The Goat and the Vine is counted as one of Aesop's Fables and is numbered 374 in the Perry Index. There is also a West Asian variant.

==The fable and its versions==
When a goat starts eating a vine's leaves and shoots, the vine retorts that it will still have enough juice left to produce grapes, the wine from which will be poured over it when the goat is sacrificed. The earliest record of the fable is in an epigram by Leonidas of Tarentum, who lived in the area of southern Italy colonised by Greeks in the 3rd century BCE. Later Greek references come from Western Asia, including another epigram by Evenus of Ascalon containing simply the vine's retort and the prose collection of fables by Aphthonius of Antioch.

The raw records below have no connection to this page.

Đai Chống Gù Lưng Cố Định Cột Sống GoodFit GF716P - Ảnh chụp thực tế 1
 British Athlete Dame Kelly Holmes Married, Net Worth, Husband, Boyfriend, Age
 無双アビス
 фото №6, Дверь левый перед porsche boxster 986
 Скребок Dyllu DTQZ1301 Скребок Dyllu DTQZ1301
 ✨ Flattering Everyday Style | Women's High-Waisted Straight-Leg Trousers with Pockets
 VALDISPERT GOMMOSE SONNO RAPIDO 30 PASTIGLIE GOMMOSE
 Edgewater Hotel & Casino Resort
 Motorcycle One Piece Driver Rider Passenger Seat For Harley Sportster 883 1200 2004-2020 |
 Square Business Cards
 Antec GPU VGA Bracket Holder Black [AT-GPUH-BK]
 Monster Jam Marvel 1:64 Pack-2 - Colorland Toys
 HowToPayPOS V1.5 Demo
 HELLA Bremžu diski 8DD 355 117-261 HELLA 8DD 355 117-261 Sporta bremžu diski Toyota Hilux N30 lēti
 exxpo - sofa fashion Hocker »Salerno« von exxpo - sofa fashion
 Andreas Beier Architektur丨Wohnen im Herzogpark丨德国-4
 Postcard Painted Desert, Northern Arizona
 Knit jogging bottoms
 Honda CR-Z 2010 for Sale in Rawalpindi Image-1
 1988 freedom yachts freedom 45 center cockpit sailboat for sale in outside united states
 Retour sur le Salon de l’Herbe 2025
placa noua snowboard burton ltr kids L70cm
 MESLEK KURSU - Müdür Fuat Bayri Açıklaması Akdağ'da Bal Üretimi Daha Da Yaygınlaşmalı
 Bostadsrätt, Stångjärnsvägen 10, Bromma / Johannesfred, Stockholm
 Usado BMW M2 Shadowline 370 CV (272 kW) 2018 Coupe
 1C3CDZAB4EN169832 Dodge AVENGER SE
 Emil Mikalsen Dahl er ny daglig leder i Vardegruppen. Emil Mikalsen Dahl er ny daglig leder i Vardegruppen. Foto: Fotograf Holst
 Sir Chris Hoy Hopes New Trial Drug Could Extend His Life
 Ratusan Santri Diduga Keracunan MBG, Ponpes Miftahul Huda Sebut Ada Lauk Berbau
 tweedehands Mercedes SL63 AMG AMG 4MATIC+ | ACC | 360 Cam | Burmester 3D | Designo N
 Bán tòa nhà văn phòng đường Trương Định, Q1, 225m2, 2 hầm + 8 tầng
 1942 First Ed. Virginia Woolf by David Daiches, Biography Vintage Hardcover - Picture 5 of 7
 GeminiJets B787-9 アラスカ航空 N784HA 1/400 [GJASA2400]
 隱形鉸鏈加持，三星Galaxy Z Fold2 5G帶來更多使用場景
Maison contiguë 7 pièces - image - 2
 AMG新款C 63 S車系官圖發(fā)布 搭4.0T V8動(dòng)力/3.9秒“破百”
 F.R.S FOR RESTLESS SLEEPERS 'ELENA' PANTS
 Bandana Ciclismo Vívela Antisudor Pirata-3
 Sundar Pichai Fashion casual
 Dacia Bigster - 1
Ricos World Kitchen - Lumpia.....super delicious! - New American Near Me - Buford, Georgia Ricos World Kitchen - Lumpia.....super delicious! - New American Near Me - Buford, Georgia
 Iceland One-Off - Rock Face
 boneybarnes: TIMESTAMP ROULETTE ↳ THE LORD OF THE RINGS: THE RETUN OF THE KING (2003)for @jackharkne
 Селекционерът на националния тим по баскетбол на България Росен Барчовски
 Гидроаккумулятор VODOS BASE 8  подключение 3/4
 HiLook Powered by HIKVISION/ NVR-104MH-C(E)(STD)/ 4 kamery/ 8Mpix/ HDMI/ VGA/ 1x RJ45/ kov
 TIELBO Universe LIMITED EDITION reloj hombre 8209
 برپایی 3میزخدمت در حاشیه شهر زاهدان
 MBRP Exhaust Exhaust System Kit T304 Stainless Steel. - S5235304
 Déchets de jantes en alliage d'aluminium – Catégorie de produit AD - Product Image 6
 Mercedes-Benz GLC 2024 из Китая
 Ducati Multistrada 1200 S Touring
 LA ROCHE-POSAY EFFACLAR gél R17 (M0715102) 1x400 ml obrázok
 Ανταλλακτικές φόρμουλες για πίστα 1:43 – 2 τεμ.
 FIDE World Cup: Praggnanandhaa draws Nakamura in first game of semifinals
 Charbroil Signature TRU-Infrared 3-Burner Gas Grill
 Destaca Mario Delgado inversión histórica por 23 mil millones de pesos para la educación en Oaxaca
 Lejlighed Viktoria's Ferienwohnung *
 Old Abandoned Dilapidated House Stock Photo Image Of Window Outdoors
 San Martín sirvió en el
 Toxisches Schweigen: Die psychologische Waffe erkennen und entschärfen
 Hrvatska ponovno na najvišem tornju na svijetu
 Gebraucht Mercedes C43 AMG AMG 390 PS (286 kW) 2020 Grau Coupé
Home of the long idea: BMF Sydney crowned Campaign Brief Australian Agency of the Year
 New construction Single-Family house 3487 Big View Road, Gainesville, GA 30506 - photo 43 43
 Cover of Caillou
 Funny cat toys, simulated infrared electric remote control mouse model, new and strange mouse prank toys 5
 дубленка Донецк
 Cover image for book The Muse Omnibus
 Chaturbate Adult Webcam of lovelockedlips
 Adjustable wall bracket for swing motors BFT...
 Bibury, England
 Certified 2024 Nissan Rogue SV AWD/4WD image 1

Elsewhere in Europe it first appeared in Latin fable collections from German language areas, including Sebastian Brant's Esopi Appologi sive Mythologi (1501) and the 150 poems based on fables by Pantaleon Candidus (1604). The tale only began to appear in English fable collections in the 19th century.

In ancient times there was an alternative version of the fable that appeared in various recensions of the story of Ahiqar from the first century CE. In the Arabic version, a gazelle nibbles a madder plant, which threatens that it will be used to tan the goat's hide when the animal is killed and skinned. Madder or other tanning agents make a similar threat in the Syriac, Armenian and Slavonic versions of the story, but the goat or deer involved answers that, while this may happen in the future, for the present it needs to satisfy its hunger.